PROJECT SUMMARY
Cancer sequencing projects have identified a very large number of DNA mutations whose importance in cancer
is not yet understood. To better understand the impact of these mutations, our team has produced a software
tool for computational analysis of cancer mutations that can analyze millions of mutations at one time. This tool
works as a funnel to help researchers to find the small number of mutations that are most likely to be informative
from the very large number of mutations discovered in a sequencing project. The software allows users to design
ways to combine multiple mutation evaluation metrics, and generate a prioritized list of mutations that are more
likely to be biologically important. These evaluation metrics include the molecular consequence, bioinformatic
scores to identify pathogenic and driver mutations, frequency of the mutation in human populations, previous
occurrence in tumor tissue types, pointers to literature, and visualization of annotated protein structures and
networks. A web-based version of the pipeline - Cancer Related Analysis of Variants Toolkit (CRAVAT) has been
widely adopted (3000+ jobs submitted/month on average in 2020). We have attracted a user community that
spans both basic and clinical cancer researchers, all of whom rely on high-throughput tumor sequencing in their
work. In 2019, we introduced OpenCRAVAT, which is distinguished by an open source codebase and an open
app store of tools and resources that can be used to better understand the importance and impact of mutations.

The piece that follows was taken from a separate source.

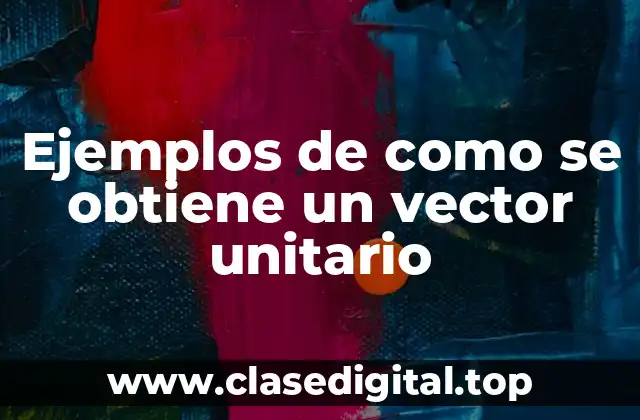 Ejemplos de como se obtiene un vector unitario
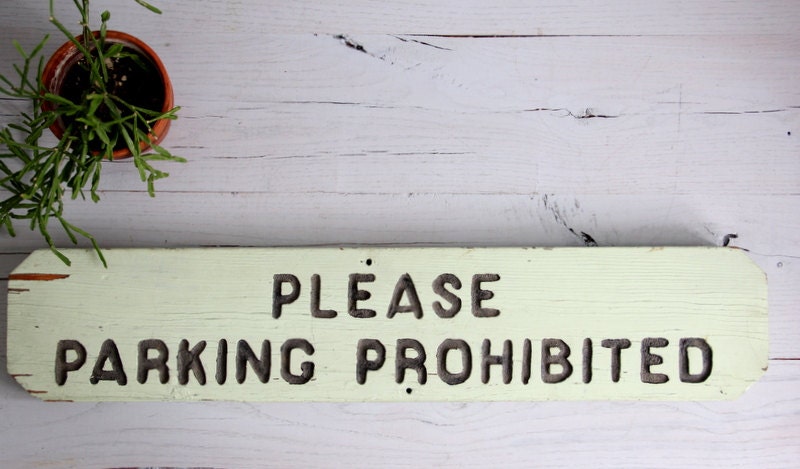 vintage solid wood parking sign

The app store is driven by the user community; new apps are prioritized based upon user requests and the app
store includes many apps that were contributed directly by outside tool developers. The app store currently
aggregates tools from over 70 organizations, and these tools can be combined to identify mutations whose
molecular impact contributes to tumorigenesis, prognosis and treatment selection. Initial adoption of our
OpenCRAVAT tool is encouraging, with over 10,000 local package downloads in the first two years. We expect
that OpenCRAVAT will be adopted by a much larger community, given the increasing importance of DNA
sequencing data in cancer research. We will continue to ensure that our tools are interoperable with other
informatics tools and services, and can be run in different computational environments such as cloud computing
and local installation to maintain data privacy.